Feather, John. The information society: a study of continuity and change. 6th. ed. London, UK: Facet Publishing, 2013. xxi, 218 pp. ISBN: 978-1-85604-818-7. £49.95

It is a remarkable achievement to continuously update a work on the information society as the Zeitgeist itself evolves. Like clockwork, this book has been revised every fourth year since the first edition in 1994. Consequently, the revisions have been extensive over the years. It is close at hand to compare with a similar book by Frank Webster, Theories of the Information Society which has the same focus, critical viewpoint and have undergone the same kind of regular revision. Webster has tended to focus on the theoretical contributions of 20th-century giants such as Giddens, Habermas and Schiller, remaining conservative and skeptical in regards to the theoretical benefits of the concept information society. Feather prefers to take a pragmatic and empirical approach, stating, at the end of the book that he has 'deliberately avoided a theoretical approach' (p. 204). Indeed, this is a book without any references as Feather, seemingly, rely on his authority as professor of library and information studies. The absence of references (there are merely recommendations for further reading at the end) would seem to place this in the category of a textbook. Nevertheless, Feather explicitly notes that this is not how it should be understood although it has been used extensively in coursework over the years.

The book is organized in four parts: the historical dimension, the economic dimension, the political dimension and the information profession. In this way, the evolving phenomenon of the information society is reviewed from various perspectives. This is an effective structure that allows both focus and sophistication.
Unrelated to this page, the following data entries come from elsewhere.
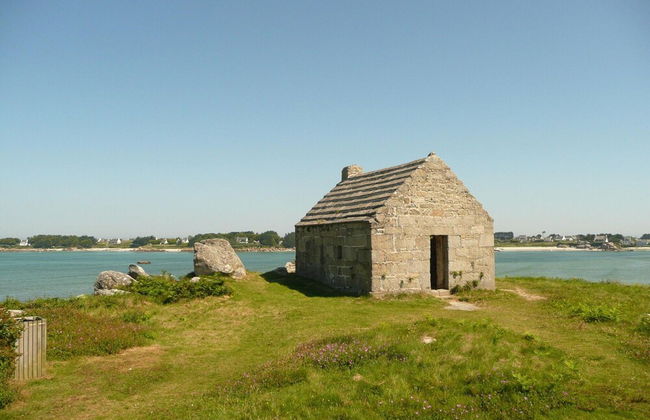 Holiday Home in Guisseny Near the Beach - Foto 21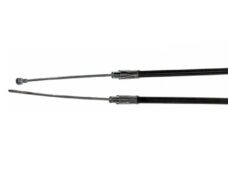 Kabel Achterrem Tomos REV/Youngster ST - Supertec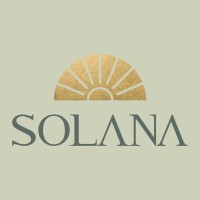 Solana KSA logo, Solana KSA contact details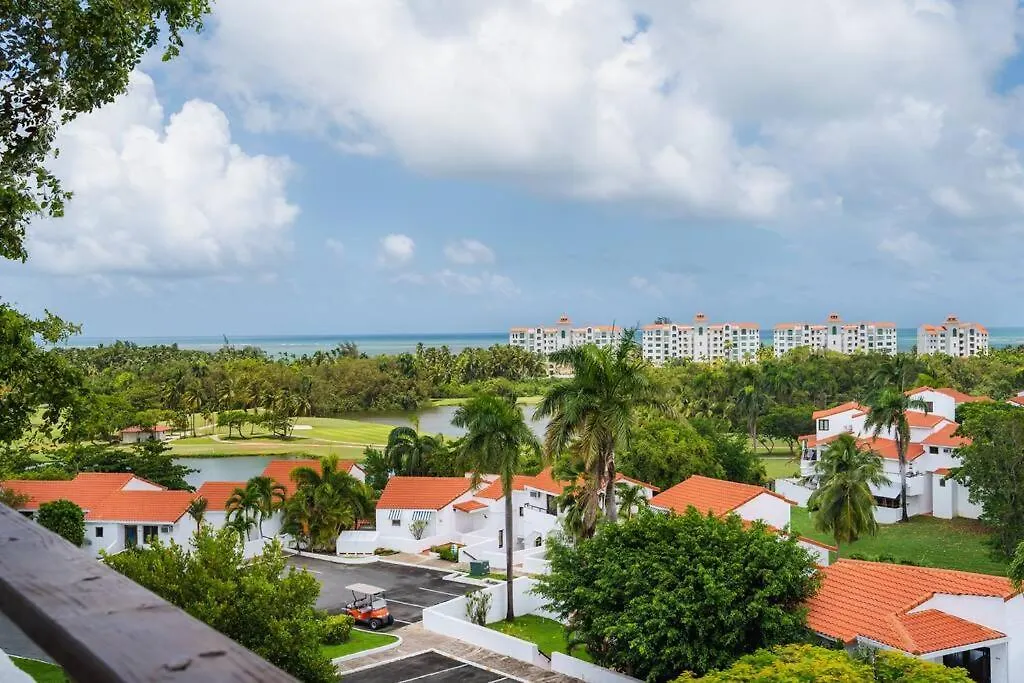 Rio Mar Retreat En Stunning Oceanview Near El Yunque Villa Rio Grande Puerto Rico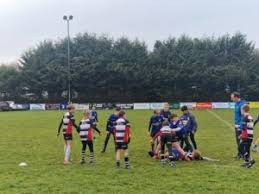 Image result for Lisburn Rugby Football Club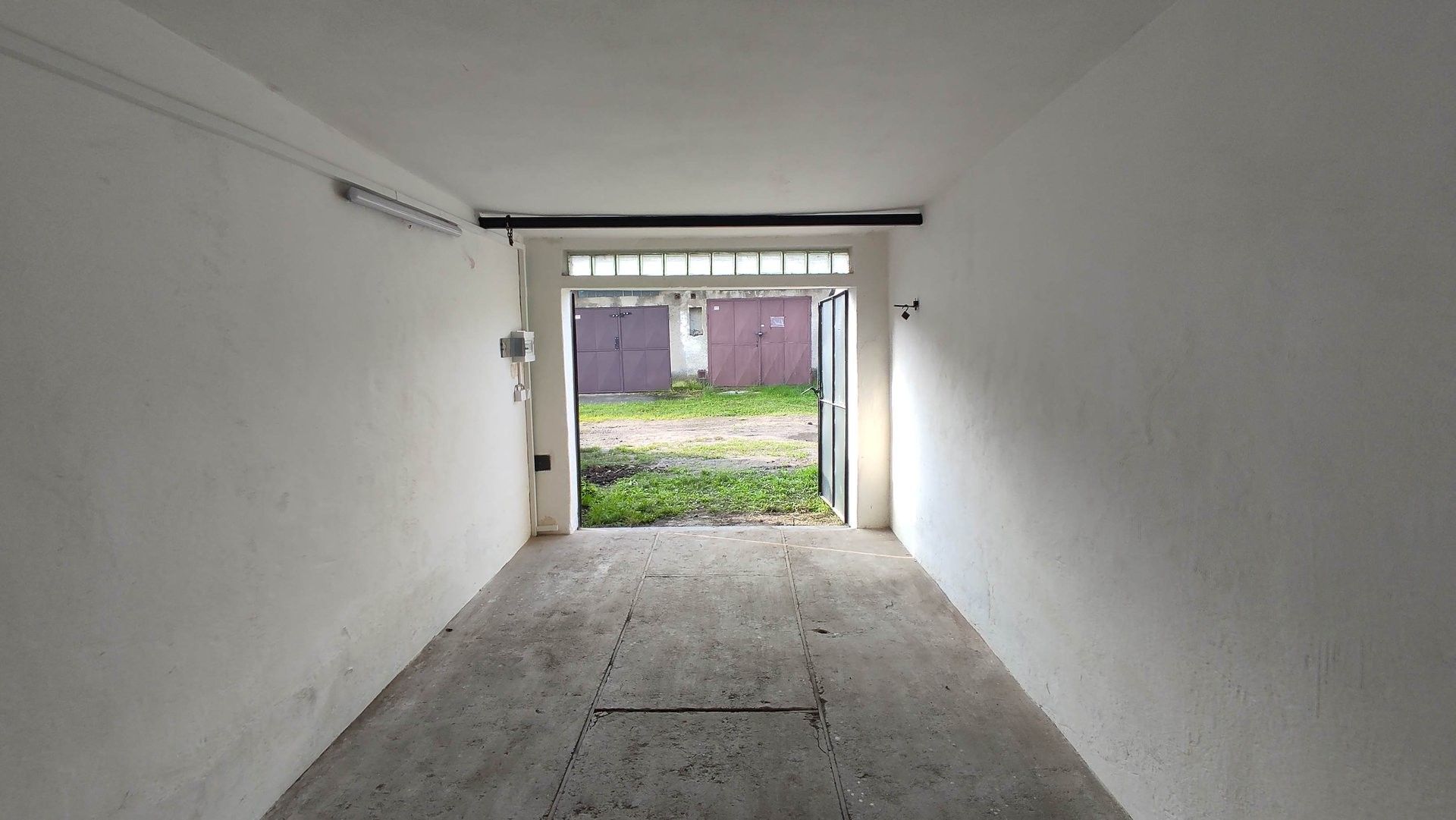 Garáž · 21 m² · Sionkova, Ostrava Slezská Ostrava - 3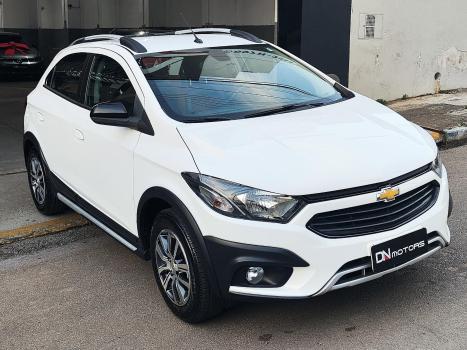 CHEVROLET Onix Hatch , Foto 3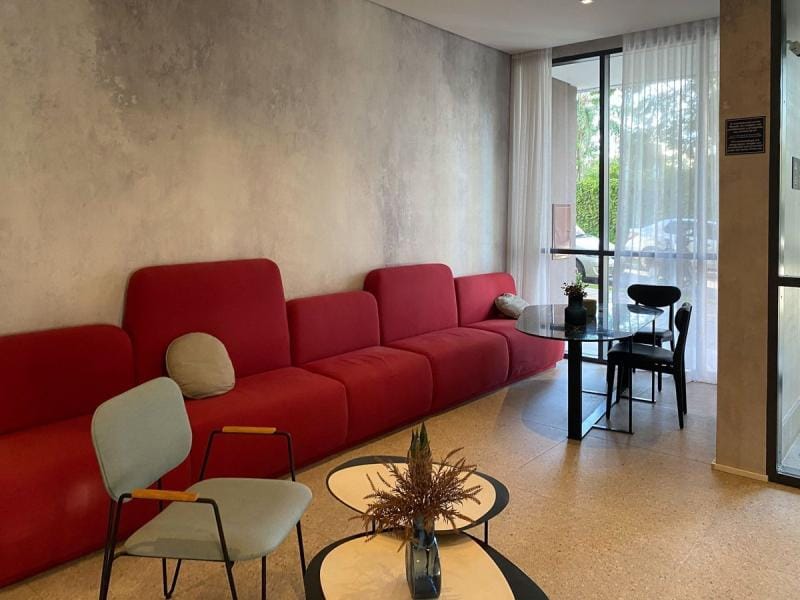 Imagem 25 da galeria do anúncio: Apartamento com 1 Quarto para alugar, 22m² - Vila Mariana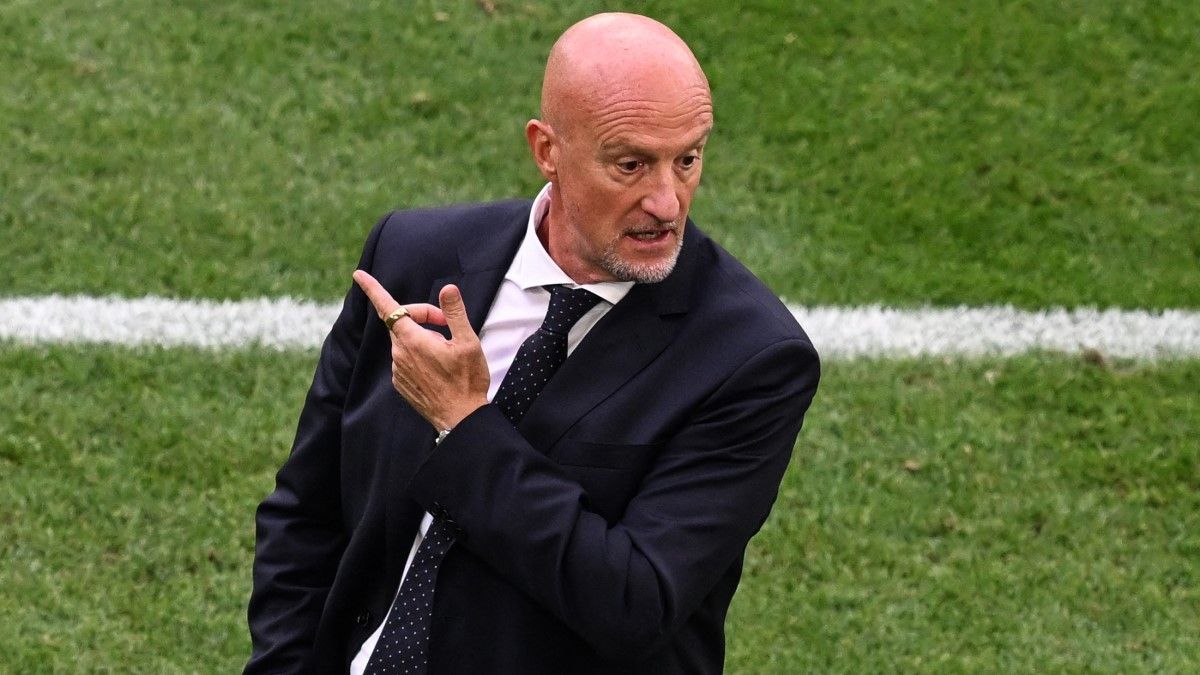 Dagad a bíróbotrány: cenzúrázta az UEFA Rossi bíráló szavait
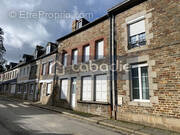 Maison à LANDELLES-ET-COUPIGNY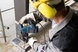 Перфоратор Bosch Professional GBH 3-28 DRE в чемодані (061123A000) 726305 фото 7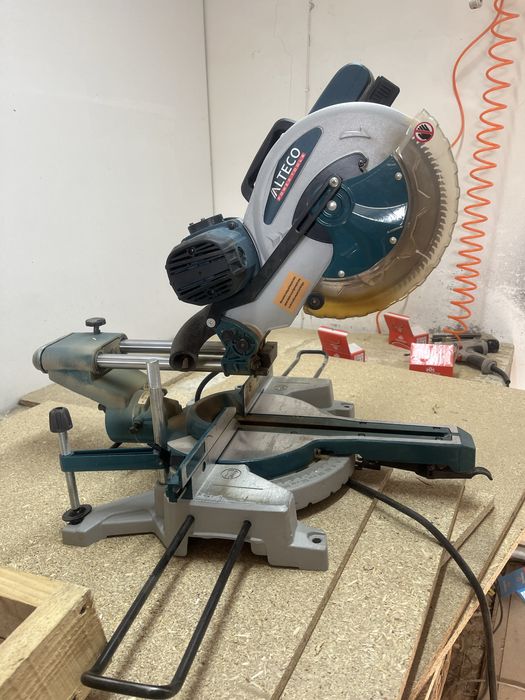 Торцовочная пила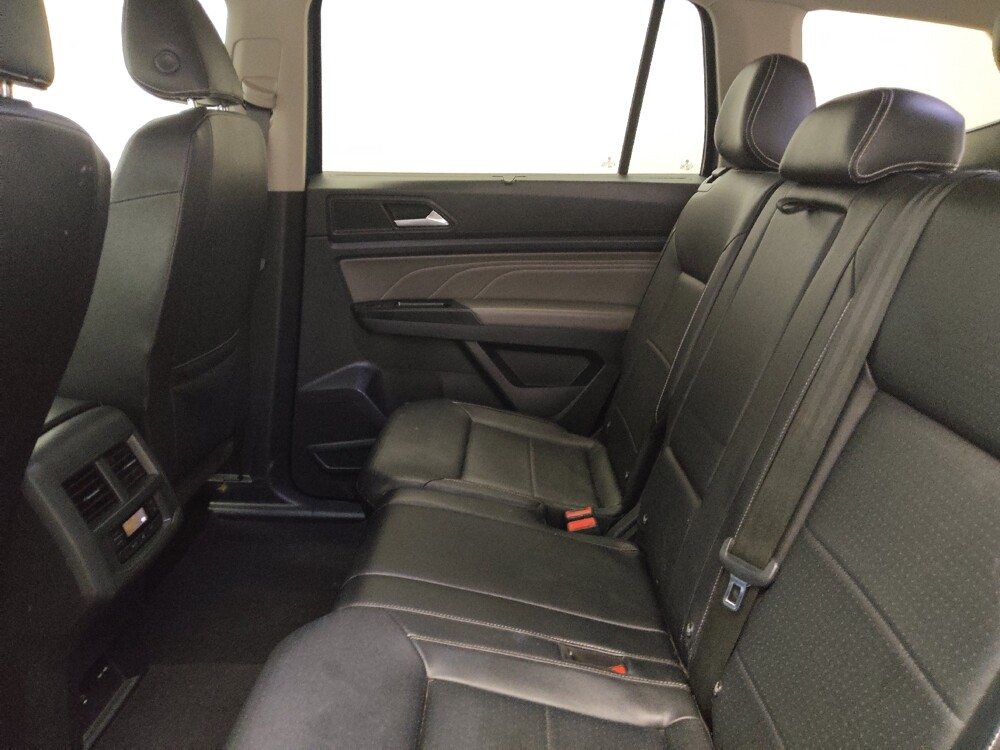 2021 Volkswagen Atlas in Fort Worth, TX 76116 - 18126719 18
The first part, dealing with the historical dimension, is a quickly moving narrative from early cave art to Facebook in less than thirty-five pages. This part concludes by stating a paradox: technology has created more accessibility while at the same time making access more difficult. This is the main focus of the book and it is well explored in the chapters that follow.

The second part is concerned with the economic dimension. The main argument put forward is that information as a marketplace becomes more overtly fragmented, competitive and commercialized. This leads into an interesting discussion on access in the information society becoming both easier and costly. By and large, this is a splendid discussion clearly influenced by Castell's network society trilogy. Nevertheless, it would have been useful to extend the discussion to the so-called free economy and the plight of contemporary newspapers faced with freely available online news. That would serve to complicate discussion even further. Two central political issues of the information society are outlined: the valorisation of information is 1) accumulating resources for the information rich, and 2) disempowering those with limited economic and technical resources.

The third part shifts to the political dimension, initially with a focus on various forms of digital divides, although that particular concept is not favoured. Instead the concepts information rich and information poor are used as metaphors. Also discussed in this part is the relation between the state and the citizen, highlighting issues of international property rights, data protection, personal privacy and freedom of information. This is by far the lengthiest part of the book. It is also one that appears least effectively updated. Discussions on social media and mobility as well as open movements (open access, open content, open source, open data, etc.) are absent as features contributing to our understanding.

The final part of the book deals with information professions. This is a relatively short entry with emphasis on general discussion. There seems to be an ambition to allow this chapter, in some sense, to sum things up.

The Information Society was first written almost twenty years ago with a critical perspective that is still valid. Furthermore, the book has been smoothly updated. As such, it is different compared to many other contemporary reflections. At the same time, this strength is also, obviously, a weakness as we are not led by an authority who takes the 2010s as a starting point in analysing contemporary phenomena such as social media, filesharing, smartphones, e-book readers, cloud computing and the Internet as a platform for artificial intelligence.

The subtitle of the book is 'a study of continuity and change' and this is also a key in evaluating the book. We can learn from the narratives of the 1990s if we believe that the technological development of recent decades is one of continuing the course on a fixed trajectory. A contrary position would be to argue that information and communication technology has involved society in a transformative process. If so, the theoretical insights of the 1990s are of lesser value. My own position is in line with the title of the book, that we have both continuity and change. The ambition by this author of holding on to a basic perspective and revising it according to unexpected developments, is admirable and a valuable contribution to contemporary discussions.

A final reflection on the front cover of the book: the publisher Facet has a logo which is eerily similar to that of Facebook. In the context of a book on the information society this provides some peculiar associations. Facet need to revise its logo as, otherwise, the casual user is given the impression that publications are sponsored by the social media giant.